Collected data entries ▸
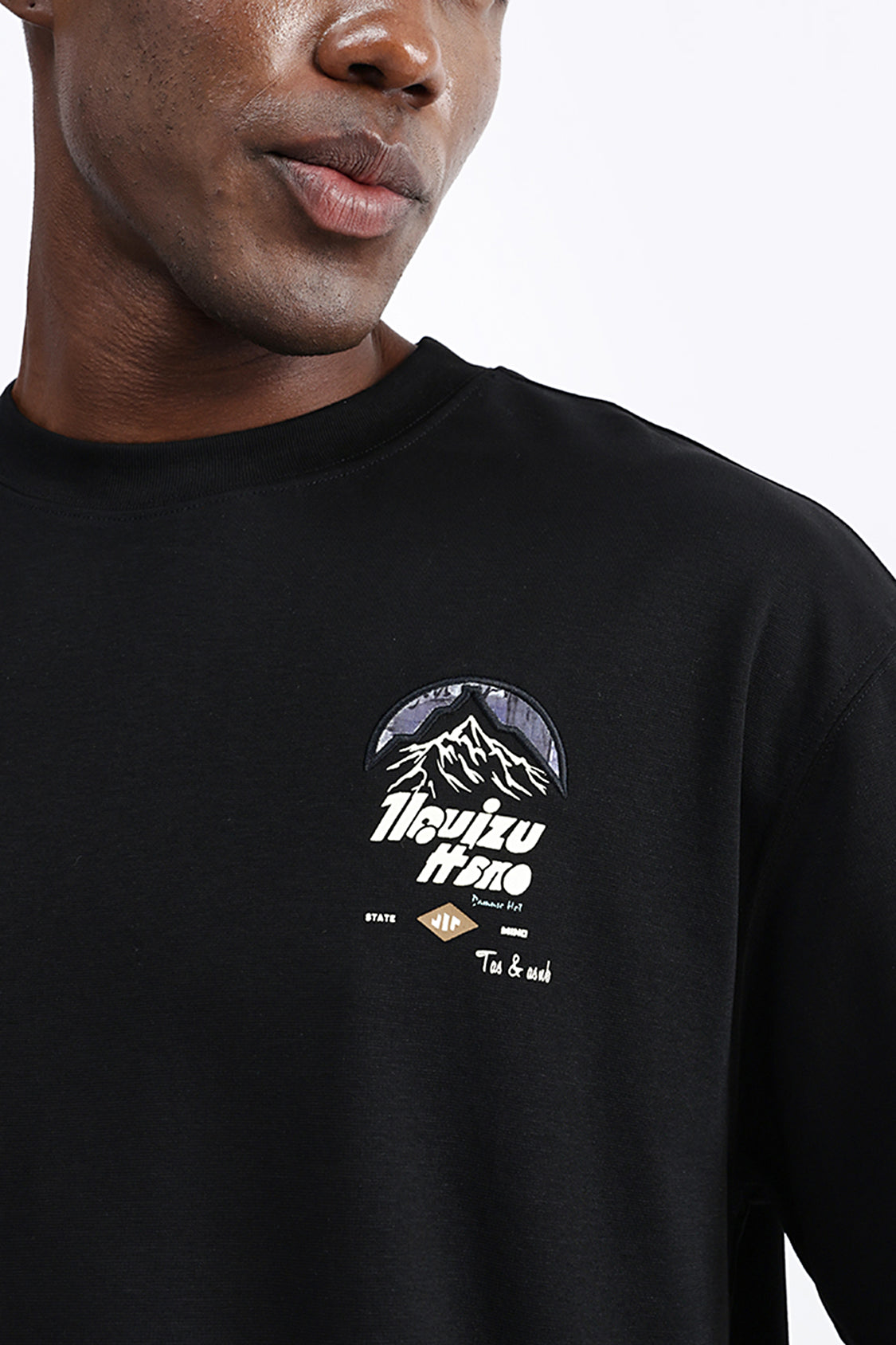 GRAPHIC PRINT OVERSIZED TEE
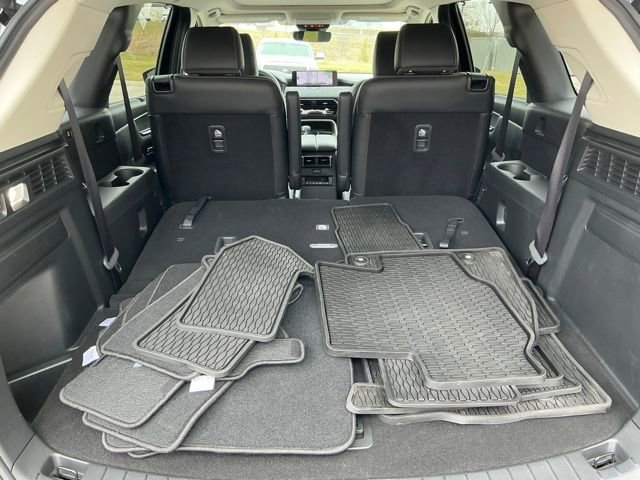 Used 2024 MAZDA CX-90 3.3 Turbo w/ Premium Package image 17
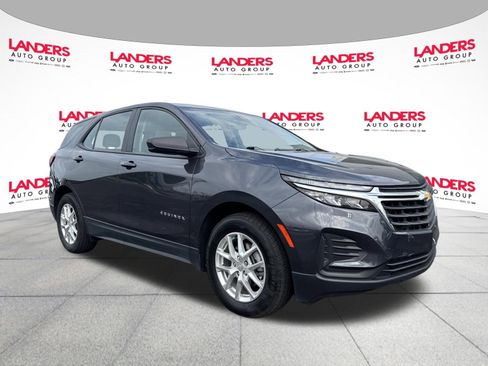 Used 2022 Chevrolet Equinox LS FWD image 1
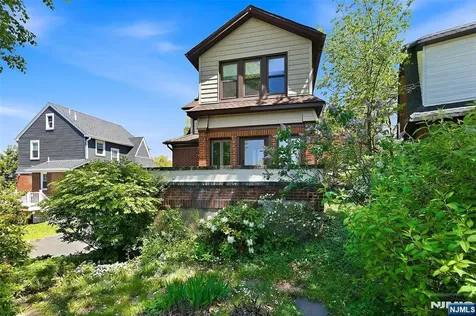 194 Parkway Maywood NJ 07607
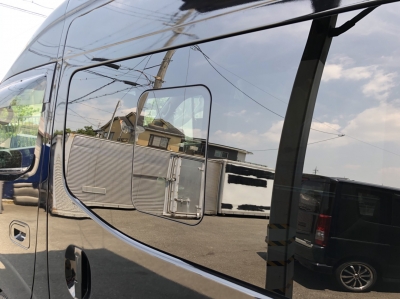 NV350 スライドドアガラス交換 | 350 MOTORING shopblog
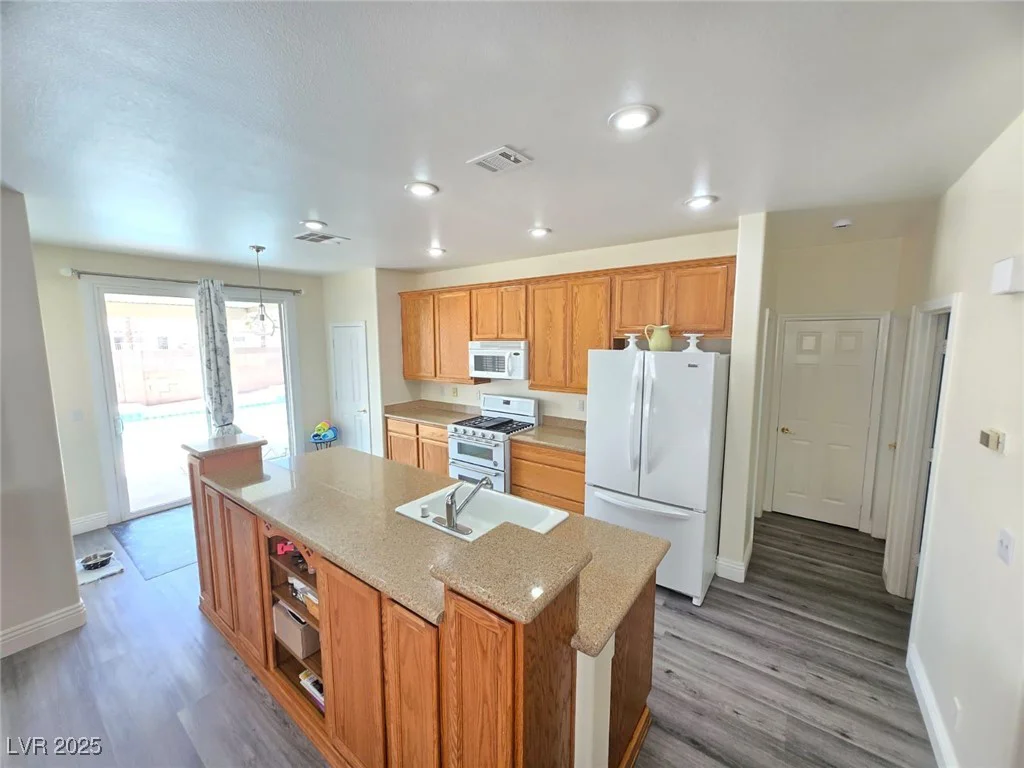 10071 Lemon Valley, Las Vegas, NV 89147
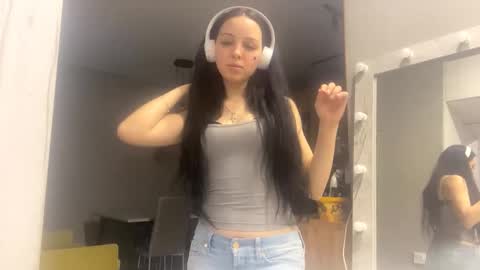 Snapshot of lakishaamini chatting on November 24, 2025, 11:10 am Emily online show from November 24, 2025, 11:10 am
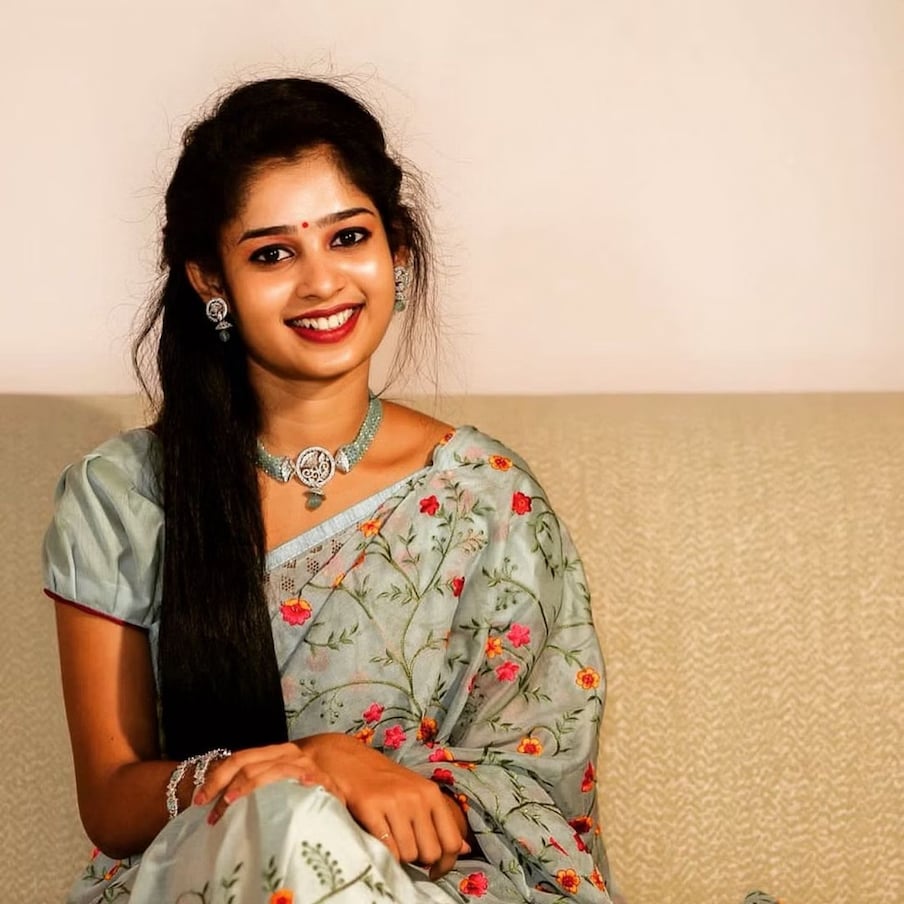  இந்நிலையில் இந்த படத்தில் பிக்பாஸ் பிரபலம் இணைந்துள்ளதாக தகவல் வெளியாகியுள்ளது. அதன்படி, பிக்பாஸ் 6-வது சீசனில் கலந்து கொண்ட ஜனனி இந்த படத்தில் நடிக்கவுள்ளதாக கூறப்படுகிறது. இது குறித்து ஜனனியிடம் கேட்டபோது இதை நான் சொல்வதை விட தளபதி 67 படக்குழு சொல்வது தான் பொருத்தமாக இருக்கும். காத்திருங்கள் என்று அவர் தெரிவித்ததாக கூறப்படுகிறது.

The problem ▸
Make an exact copy of the data above, pictures excluded.

Solution to this problem ▸
 GRAPHIC PRINT OVERSIZED TEE
 Used 2024 MAZDA CX-90 3.3 Turbo w/ Premium Package image 17
 Used 2022 Chevrolet Equinox LS FWD image 1
 194 Parkway Maywood NJ 07607
 NV350 スライドドアガラス交換 | 350 MOTORING shopblog
 10071 Lemon Valley, Las Vegas, NV 89147
 Snapshot of lakishaamini chatting on November 24, 2025, 11:10 am Emily online show from November 24, 2025, 11:10 am
  இந்நிலையில் இந்த படத்தில் பிக்பாஸ் பிரபலம் இணைந்துள்ளதாக தகவல் வெளியாகியுள்ளது. அதன்படி, பிக்பாஸ் 6-வது சீசனில் கலந்து கொண்ட ஜனனி இந்த படத்தில் நடிக்கவுள்ளதாக கூறப்படுகிறது. இது குறித்து ஜனனியிடம் கேட்டபோது இதை நான் சொல்வதை விட தளபதி 67 படக்குழு சொல்வது தான் பொருத்தமாக இருக்கும். காத்திருங்கள் என்று அவர் தெரிவித்ததாக கூறப்படுகிறது.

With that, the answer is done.